Steal This Election

If you live in a democracy -- yes, I'm looking at you -- you have to go read this article on How to steal an election by hacking the vote.

What if I told you that it would take only one person—one highly motivated, but only moderately skilled bad apple, with either authorized or unauthorized access to the right company's internal computer network—to steal a statewide election? You might think I was crazy, or alarmist, or just talking about something that's only a remote, highly theoretical possibility. You also probably would think I was being really over-the-top if I told you that, without sweeping and very costly changes to the American electoral process, this scenario is almost certain to play out at some point in the future in some county or state in America, and that after it happens not only will we not have a clue as to what has taken place, but if we do get suspicious there will be no way to prove anything. You certainly wouldn't want to believe me, and I don't blame you.

So what if I told you that one highly motivated and moderately skilled bad apple could cause hundreds of millions of dollars in damage to America's private sector by unleashing a Windows virus from the safety of his parents' basement, and that many of the victims in the attack would never know that they'd been compromised? Before the rise of the Internet, this scenario also might've been considered alarmist folly by most, but now we know that it's all too real.

. . . .

So now it's time to hit the panic button: In this article, I'm going to show you how to steal an election.

Stokes goes on to demonstrate how our new reliance on electronic voting makes it not only easy for a single person (or small group) to change the outcome of an election, but also makes it impossible to tell that such a change has been made.

* Bits and bytes are made to be manipulated; by turning votes into bits and bytes, we've made them orders of magnitude easier to manipulate during and after an election. * By rushing to merge our nation's election infrastructure with our computing infrastructure, we have prematurely brought the fairly old and well-understood field of election security under the rubric of the new, rapidly evolving field of information security. * In order to have confidence in the results of a paperless DRE-based election, you must first have confidence in the personnel and security practices at these institutions: the board of elections, the DRE vendor, and third-party software vendor whose product is used on the DRE. * In the absence of the ability to conduct a meaningful audit, there is no discernable difference between DRE malfunction and deliberate tampering (either for the purpose of disenfranchisement or altering the vote record).

It continues to astound me that the richest democracy on earth cannot secure its own elections. I have more 50x confidence in an ATM than I do in a voting machine. Conspiracy Theory Mike says that's because politicians run the elections, and politicians like to steal elections, therefore they have no interest in a secured system. Cynical Mike says that we've just figured that we should get the best system money can buy, and therefore the highest price tag must mean the most secure system, and bingo, we turn our right to vote over to the private sector. (Cynical Mike also thinks that if an election is stealable, it will eventually be stolen.)

Idealistic Mike wants everyone to read this article and then leave a comment telling me what we can all do about it.


M E-L posted this on October 27, 2006
It is filed under Computers & Internet, National News

It is also indexed with the following tags: Electronic Voting | Democracy | Hack | Voting | Diebold |

Comments
Thud wrote:

Well, we can vote people in who will make this a priority... oh, wait...

There are two possible good scenarios.
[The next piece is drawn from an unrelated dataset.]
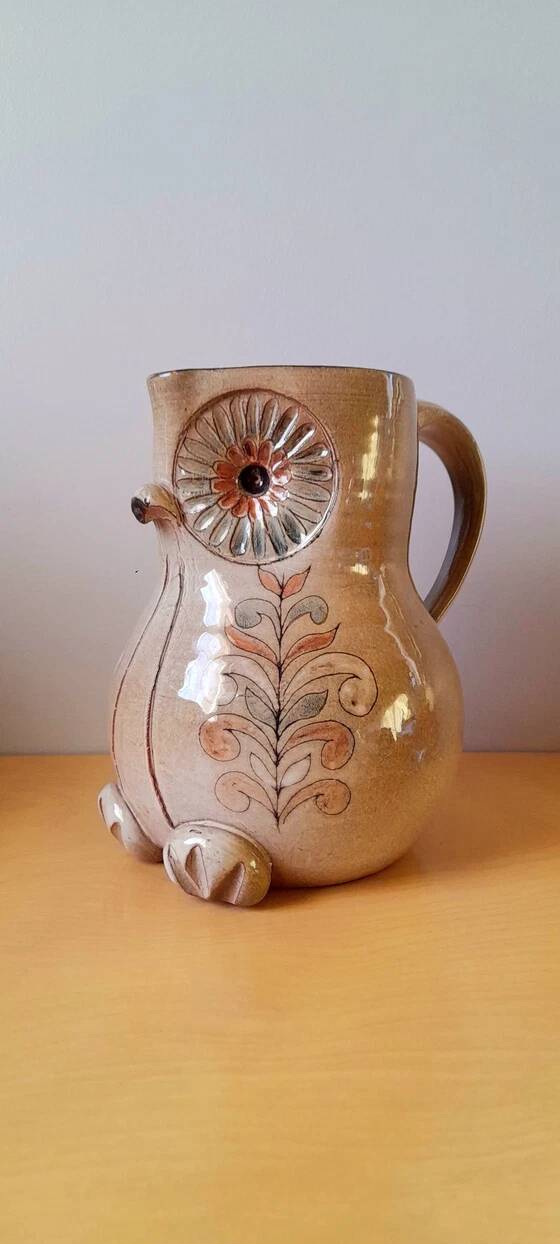 Zoomorphic owl pitcher, Michel Bailly, 1960.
One is the court cases currently working through the system get to the federal level, where positions are not passed out by election. I think ultimately the courts will force verifiability of elections.

The other scenario is a white-hat hacker throws 80% of Ohio's electronic voting ballots to someone like Jar Jar Binks, thus making it immediately apparent and obvious how simple it is to hack the vote.

But as far as a political solution goes? I can't think of one.

Comment #1 :: link :: October 27, 2006 12:05 PM
Mark Poling wrote:

Mandate paper ballots. Maybe even push for a Constitutional Amendment that requires physical paper ballots for any Federal election.

Paper: Finally, a second use for the stuff.